Not to mention, of course, the fact that the Sorting Hat took a very 
long time with him.

Neville does indeed send an unspoken but clear message that he is 
vulnerable, and that he is in a position neither to resent the form 
in which any help might be given nor to defend himself against those 
who would take advantage of his vulnerability.  But the message that 
one sends through ones demeanor and the message that one sends 
through ones actions are not always aligned -- and both of these are 
even more often misaligned with ones own personal thoughts on the 
matter.  In Neville's case, I see a very strong disconjunct there, 
and to my mind, this grants him a certain degree of indeterminacy as 
a character, which in turn makes him rather intriguing.  What *does* 
Neville think about?  What *are* his real opinions?  His real 
motivations?  We really just don't know.  He's a highly opaque 
character who has been masquerading for three books as an extremely 
transparent one, and that makes you wonder (or it makes me wonder, at 
any rate) what else might be going on there.

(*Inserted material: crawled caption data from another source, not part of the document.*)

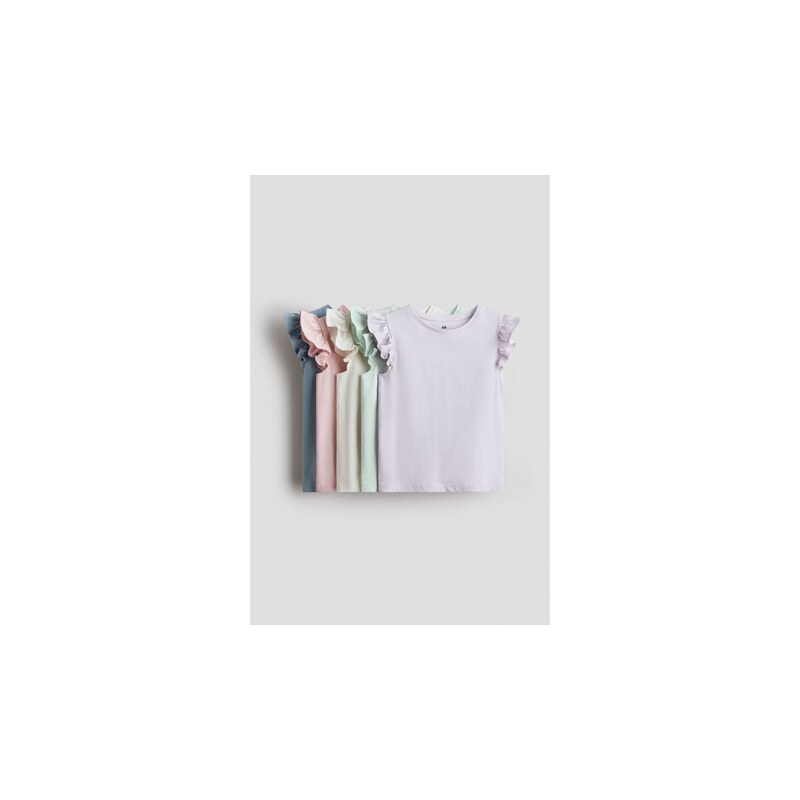 H&M - Tops volánkovými rukávy 5 kusů - Bleděmodrá/Šeříková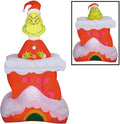 Gemmy Animated Airblown Grinch Pop Up from Seussian Chimney, 5.5 ft Tall, Multi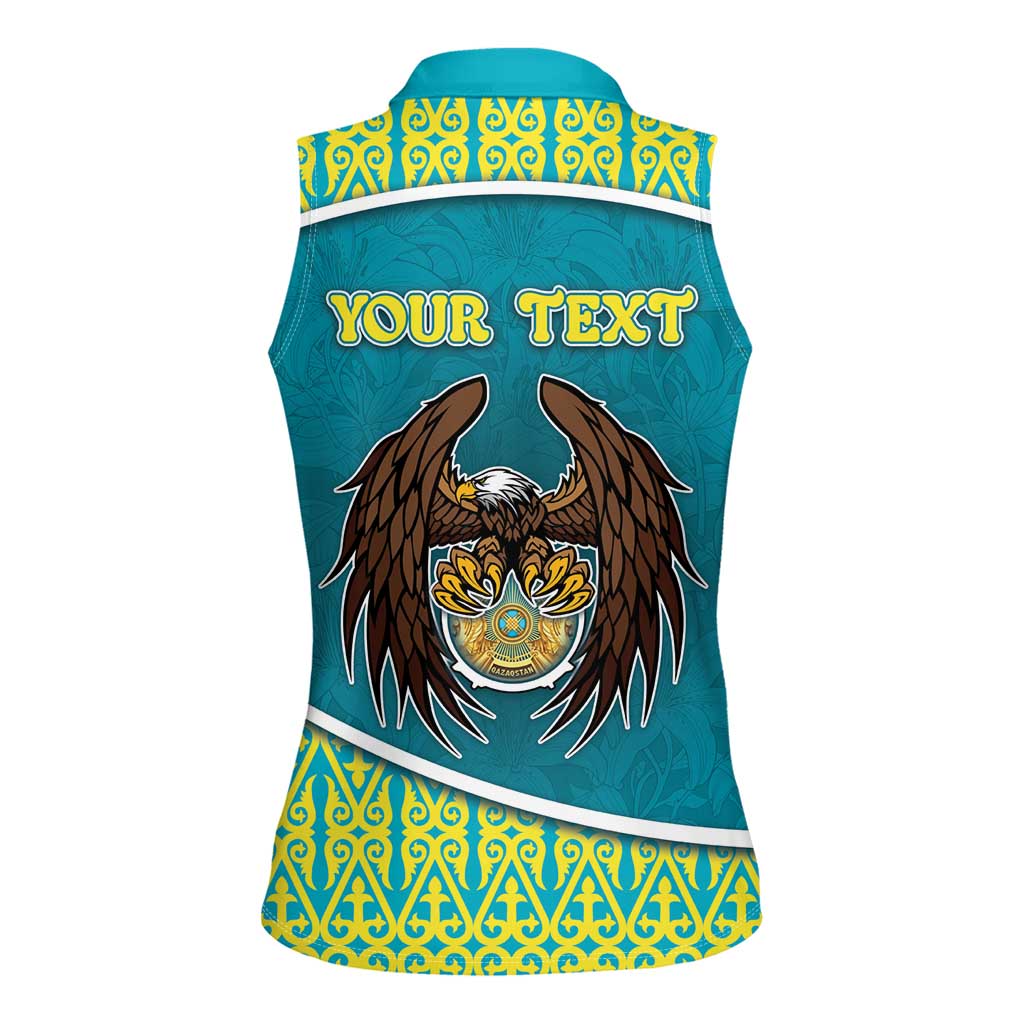 Personalized Kazakhstan Women Sleeveless Polo Shirt The Eagle With Kazakh Patterns - Wonder Print Shop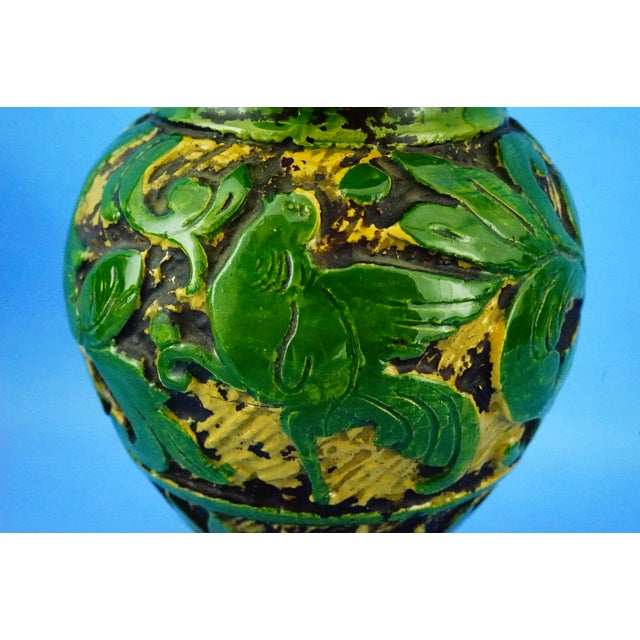 Antique Green Neo-Renaissance Vases in Relief by Vincenzo Corrente, 1890s, Set of 2 For Sale - Image 10 of 18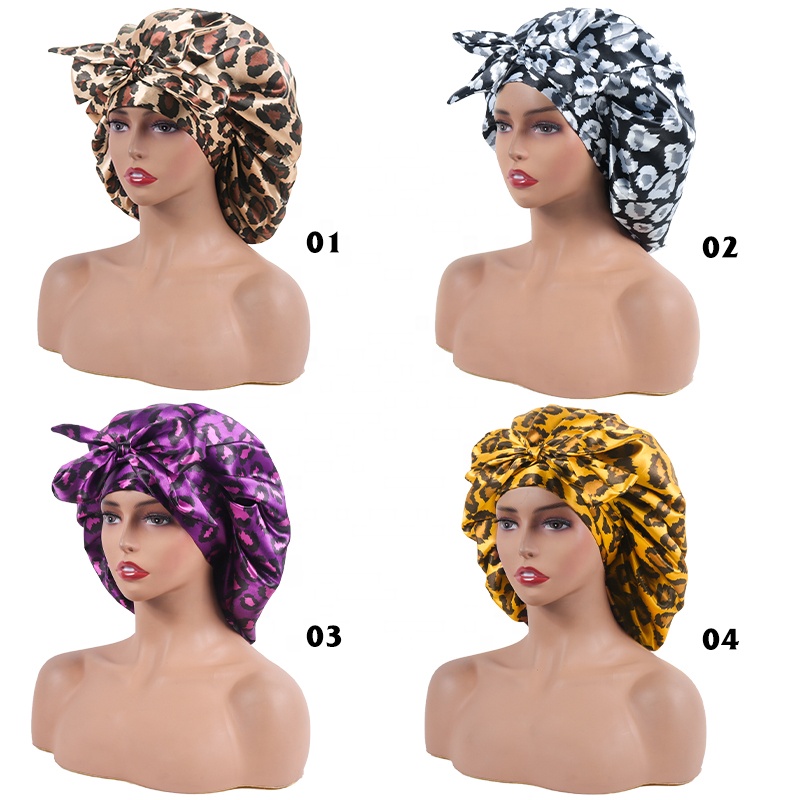 Tie Sublimation Leopard Print Deluxe Strip Private Label Adjusted Double Layer Edge Wraps Hair Bonnets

Elirtai wrote, on JKR's character list:

> Neville's entry is not only hard to read, it has no symbols or 
> house at all.

There, now.  You see?  Didn't I just tell you that Neville was a 
strikingly indeterminate character?  <vbg> 


Naama signed off with:

> Naama, horrified to suddenly realize that Neville is no. 1 
> candidate for Forthcoming Death (but would sacrifice Neville in a 
> minute if it would save Hagrid) 

You'd trade Neville for Hagrid?  Gee whiz.  No wonder the poor kid 
has self-esteem issues.  ;-)

But I feel fairly certain that Neville's safe until Book Seven.